En aquel momento, las dos confesiones más arraigadas eran los metodistas, confesión más extendida en 1844, seguidos por los baptistas en el sur. Entonces aparecieron los movimientos escatológicos y milenaristas que hoy, nuevamente, han recuperado la iniciativa con los «cristianos renacidos».

En 1818, William Millar, un baptista del sur, estudió detenidamente los textos bíblicos y concluyó que el mundo terminaría en 1844. Reclutó a miles de seguidores. Llegada la fecha, nada ocurrió. Para la mayoría de sus fieles se produjo la «gran decepción», pero no así para un grupo de ellos instalados en Battle Creek que pasaron a llamarse Adventistas del Séptimo Día. Desde allí irradiaron a todo el mundo, hasta nuestros días, y se convirtieron en el centro de un imperio vegetariano desde que el doctor John  H. Kellogg se hizo cargo del lugar. Kellog basaba su teoría nutricionista en el desayuno con cereales. Parece banal, pero insertaba su estudio en las raíces culturales norteamericanas. La popularización de los cereales estaba, para Kellog, cargada de virtudes morales.
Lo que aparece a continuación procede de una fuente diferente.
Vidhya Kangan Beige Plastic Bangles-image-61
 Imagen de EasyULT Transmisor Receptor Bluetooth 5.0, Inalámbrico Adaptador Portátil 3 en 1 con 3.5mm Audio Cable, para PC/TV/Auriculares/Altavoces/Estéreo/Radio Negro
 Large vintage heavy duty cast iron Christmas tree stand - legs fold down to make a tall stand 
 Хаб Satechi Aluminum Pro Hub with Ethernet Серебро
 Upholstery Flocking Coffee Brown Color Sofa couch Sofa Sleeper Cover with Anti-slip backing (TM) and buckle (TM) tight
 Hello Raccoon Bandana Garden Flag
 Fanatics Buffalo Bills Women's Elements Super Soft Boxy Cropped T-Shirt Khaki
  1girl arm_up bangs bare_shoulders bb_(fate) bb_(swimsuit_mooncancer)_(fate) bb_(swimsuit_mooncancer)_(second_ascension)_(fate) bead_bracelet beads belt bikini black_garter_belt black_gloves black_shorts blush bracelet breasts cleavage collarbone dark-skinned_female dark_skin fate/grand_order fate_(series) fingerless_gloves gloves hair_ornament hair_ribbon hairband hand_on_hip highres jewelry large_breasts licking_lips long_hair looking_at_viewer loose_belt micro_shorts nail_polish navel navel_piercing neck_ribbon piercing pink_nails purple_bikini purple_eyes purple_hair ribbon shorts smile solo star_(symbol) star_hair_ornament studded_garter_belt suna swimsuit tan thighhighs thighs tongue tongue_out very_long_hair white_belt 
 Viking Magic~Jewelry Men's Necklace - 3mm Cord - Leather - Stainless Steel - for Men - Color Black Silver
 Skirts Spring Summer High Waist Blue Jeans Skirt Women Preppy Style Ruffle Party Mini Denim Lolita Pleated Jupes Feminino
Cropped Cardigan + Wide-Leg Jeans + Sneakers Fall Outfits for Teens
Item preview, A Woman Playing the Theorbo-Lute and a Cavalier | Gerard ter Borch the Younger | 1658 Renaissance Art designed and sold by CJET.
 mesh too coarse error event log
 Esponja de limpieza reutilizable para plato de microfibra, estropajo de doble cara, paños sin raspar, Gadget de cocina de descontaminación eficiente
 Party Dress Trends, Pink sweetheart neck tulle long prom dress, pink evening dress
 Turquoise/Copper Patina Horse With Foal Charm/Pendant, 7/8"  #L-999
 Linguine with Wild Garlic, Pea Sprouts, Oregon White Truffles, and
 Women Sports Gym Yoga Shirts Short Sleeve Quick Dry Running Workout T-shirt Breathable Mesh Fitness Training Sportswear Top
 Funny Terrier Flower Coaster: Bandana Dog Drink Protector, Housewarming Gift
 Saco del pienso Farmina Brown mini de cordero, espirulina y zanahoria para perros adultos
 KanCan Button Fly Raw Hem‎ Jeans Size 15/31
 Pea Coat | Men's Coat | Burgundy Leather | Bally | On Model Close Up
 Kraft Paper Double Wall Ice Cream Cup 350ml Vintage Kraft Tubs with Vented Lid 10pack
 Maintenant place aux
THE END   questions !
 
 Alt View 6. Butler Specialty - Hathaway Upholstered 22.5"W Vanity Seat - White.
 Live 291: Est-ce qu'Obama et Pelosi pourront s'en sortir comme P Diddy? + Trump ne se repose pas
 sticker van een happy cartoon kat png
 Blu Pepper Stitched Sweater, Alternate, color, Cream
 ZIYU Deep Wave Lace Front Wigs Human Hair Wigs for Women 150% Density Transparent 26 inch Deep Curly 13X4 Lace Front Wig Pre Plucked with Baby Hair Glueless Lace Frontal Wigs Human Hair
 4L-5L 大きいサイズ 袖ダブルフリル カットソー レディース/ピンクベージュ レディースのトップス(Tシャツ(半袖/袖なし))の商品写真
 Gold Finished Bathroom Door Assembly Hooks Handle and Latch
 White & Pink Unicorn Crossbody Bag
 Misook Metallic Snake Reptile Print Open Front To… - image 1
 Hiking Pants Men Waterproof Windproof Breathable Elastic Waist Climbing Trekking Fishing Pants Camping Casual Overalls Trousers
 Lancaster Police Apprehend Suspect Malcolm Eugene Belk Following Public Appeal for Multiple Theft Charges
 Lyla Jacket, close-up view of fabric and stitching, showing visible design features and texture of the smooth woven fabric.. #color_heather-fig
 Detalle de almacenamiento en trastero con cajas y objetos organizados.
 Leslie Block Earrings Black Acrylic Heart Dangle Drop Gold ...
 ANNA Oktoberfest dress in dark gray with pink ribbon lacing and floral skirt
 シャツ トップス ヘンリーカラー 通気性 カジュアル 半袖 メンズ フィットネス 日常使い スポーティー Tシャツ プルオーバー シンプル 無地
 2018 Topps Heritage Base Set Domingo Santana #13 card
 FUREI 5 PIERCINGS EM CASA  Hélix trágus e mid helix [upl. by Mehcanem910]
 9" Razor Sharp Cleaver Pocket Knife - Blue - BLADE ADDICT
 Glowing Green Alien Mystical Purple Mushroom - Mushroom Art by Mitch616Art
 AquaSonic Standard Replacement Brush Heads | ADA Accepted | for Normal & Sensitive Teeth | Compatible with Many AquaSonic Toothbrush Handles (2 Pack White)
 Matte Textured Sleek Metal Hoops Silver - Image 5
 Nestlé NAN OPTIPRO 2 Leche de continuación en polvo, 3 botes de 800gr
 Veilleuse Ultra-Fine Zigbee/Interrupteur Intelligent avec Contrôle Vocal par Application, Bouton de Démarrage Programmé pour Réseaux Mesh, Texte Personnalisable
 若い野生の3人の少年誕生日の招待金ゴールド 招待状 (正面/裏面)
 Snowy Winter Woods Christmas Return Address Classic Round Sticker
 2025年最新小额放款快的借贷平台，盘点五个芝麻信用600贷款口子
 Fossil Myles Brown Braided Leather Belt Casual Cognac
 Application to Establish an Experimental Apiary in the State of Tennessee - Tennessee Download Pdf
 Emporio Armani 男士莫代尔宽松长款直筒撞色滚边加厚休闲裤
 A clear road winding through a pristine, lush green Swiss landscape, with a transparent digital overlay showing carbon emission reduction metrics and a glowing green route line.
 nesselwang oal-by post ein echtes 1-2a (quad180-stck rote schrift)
Su mentora, Ellen Harmon, había tenido de adolescente un éxtasis místico en la que «vio» la santidad de los alimentos del desayuno. 

Gracias a los copos de maíz, los Padres Peregrinos habían salvado la vida; nada como el maíz era más norteamericano. De hecho, lo cultivaban los indios, pero, inicialmente, era inexistente en Europa. El maíz era un regalo de Dios y no podía ser un azar el que se lo hubieran encontrado los colonos. A partir de este principio visionario, el doctor Kellog utilizó todo su saber y sus artes de business management, para justificar y promocionar el consumo de copos de maíz. Si los movimientos religiosos del Segundo Gran Despertar, volvieron a emerger en los años 80, en forma de «cristianos renacidos», el movimiento de Kellogg se reencarnó en los distintos sectores de la New Age.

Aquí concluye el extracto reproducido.